Peki bugün 1979 İran İslam Devrimi’nin ‘üst değerleri’ne ihanet edildiğini ve ‘inkılap sürecinin, İran ulusçusu gulat Şiiler tarafından çalındığı’nı söyleme noktasına nereden geldik?
1978 ve 1979’da TRT televizyonunun siyah beyaz ekranına İran Devrimi öncesi kitlesel protestolarda kelimeyi tevhid şiarları, tesettürlü bacılarımızın kararlılığı yansıyordu. Bizim de devrimci sevgi ateşimiz alevleniyordu.

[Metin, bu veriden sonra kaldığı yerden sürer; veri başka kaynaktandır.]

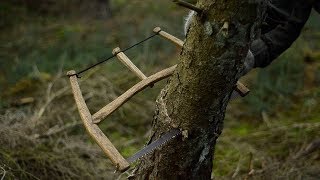 Making a frame saw  buck saw for bushcraft [upl. by Jamison]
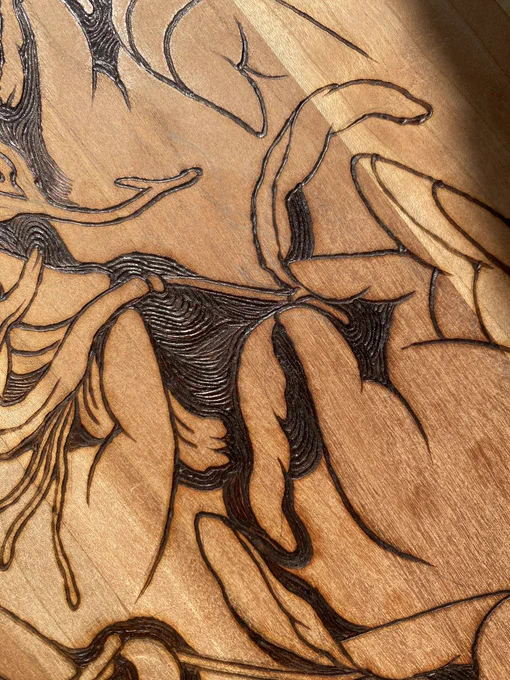 Working on a big piece for a gallery show ( I've only really submitted small pieces, and this one is huge in comparison ) - very nervous but excited! 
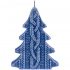 Kniteam candle, Christmas tree, blue
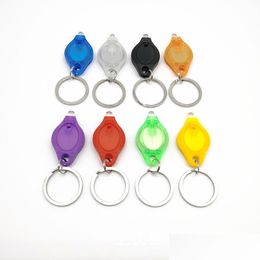 Party Favour Mini Led Flashlight Keychain Portable Outdoor Party Light Torch Key Ring Emergency Cam Lamp Backpack Drop Delivery Home Ga Dhjed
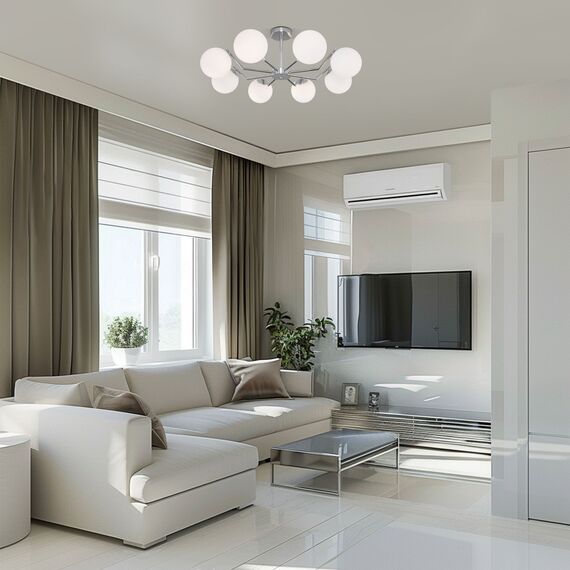 Eurosvet a057070 70154/8 Потолочный светильник хром, изображение 4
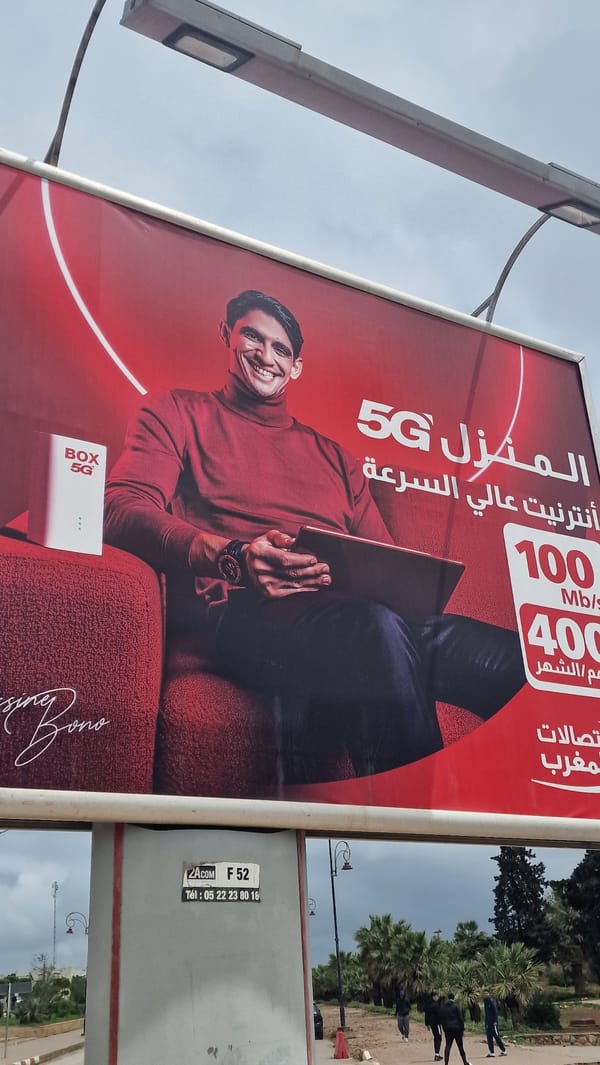 Street art and advertising documented in Fez, Morocco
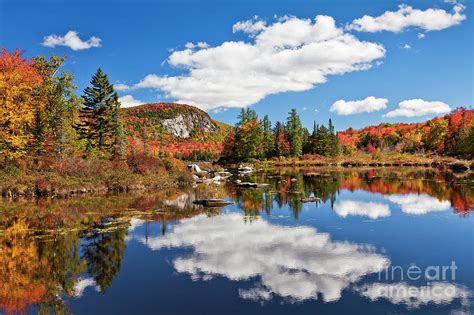 Marshfield Pond Autumn Photograph By Alan L Graham Fine Art America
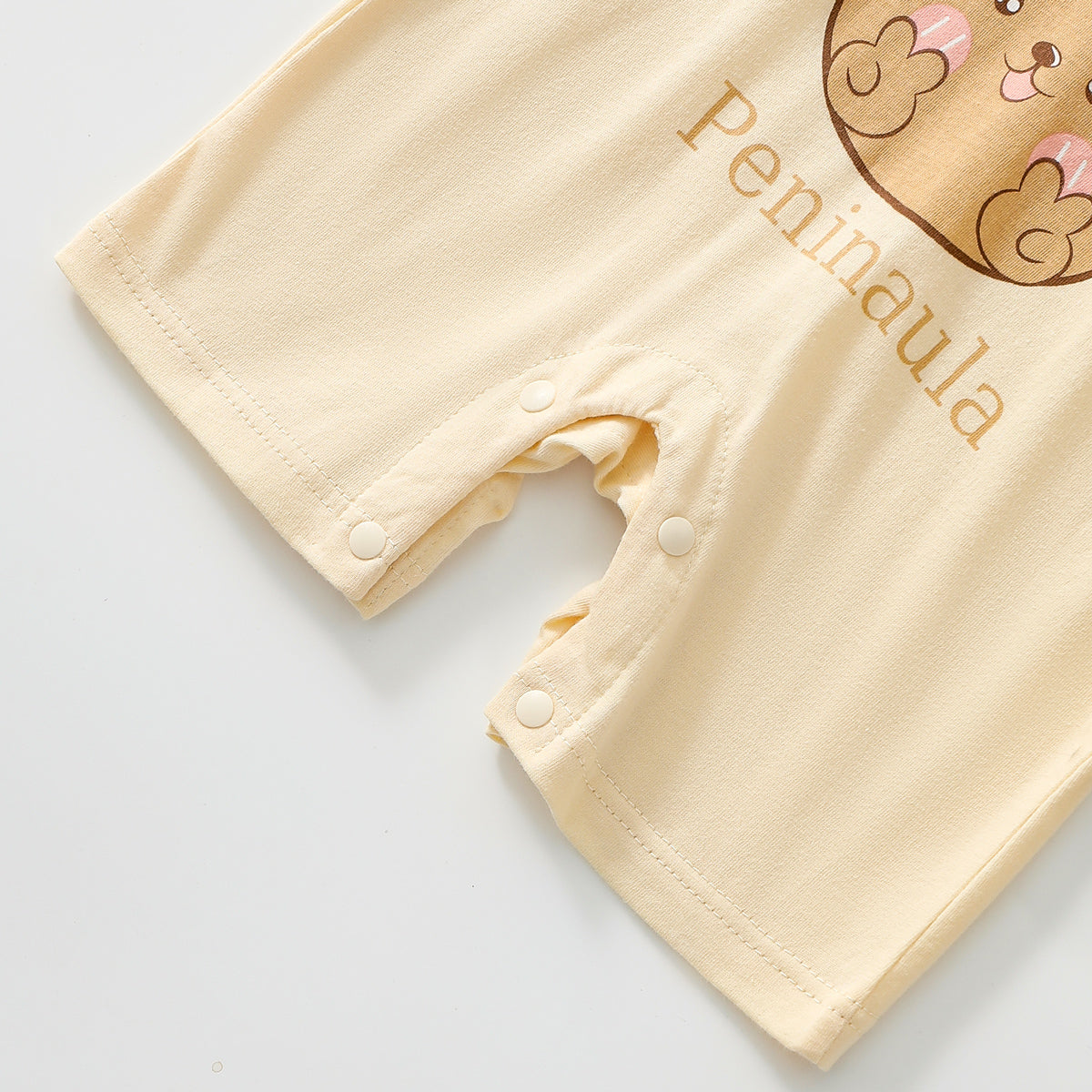 Striped two-piece romper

İlk ‘devrim belgeseli’ni Tünel’de Maocuların bir öğrenci kulübünde izlemiştik. Sonra ‘Düşünce Dergisi’ne gelip giden tanıklarla ve ODTÜ’de okuyan devrimin taşıyıcısı İranlı Müslim kardeşlerle kurulan diyaloglarda ilk bilgilerimizi edinmeyi başlamıştık. O süreçte Ercümend Özkan’ın yayınladığı devrim sürecini sünnetullah çerçevesinde anlatmaya çalışan broşür önemliydi.
12 Eylül olmuştu. Risk vardı. Ama dillerimizde İran Devrimi marşlarından çevrilmiş mısralar… İstanbul Konsolosluğu’ndan takibat riskine rağmen devrim sürecini Türkçeye taşıyan ‘İslam Çağrısı Dergisi’nin elde edilmesi… Akşamları Selahaddin Eş ağabeyin katkı sunduğu Tahran radyosunun Türkçe yayınını izleme telaşı…
Daha onlar Türkiye tevhidi uyanış sürecine kültür merkezleriyle, finanse edilmiş yayınlarla, eğitim-tebliğ heyetleriyle ulaşmadan, biz onlara ulaşmış ve süreci kavramaya çalışmıştık.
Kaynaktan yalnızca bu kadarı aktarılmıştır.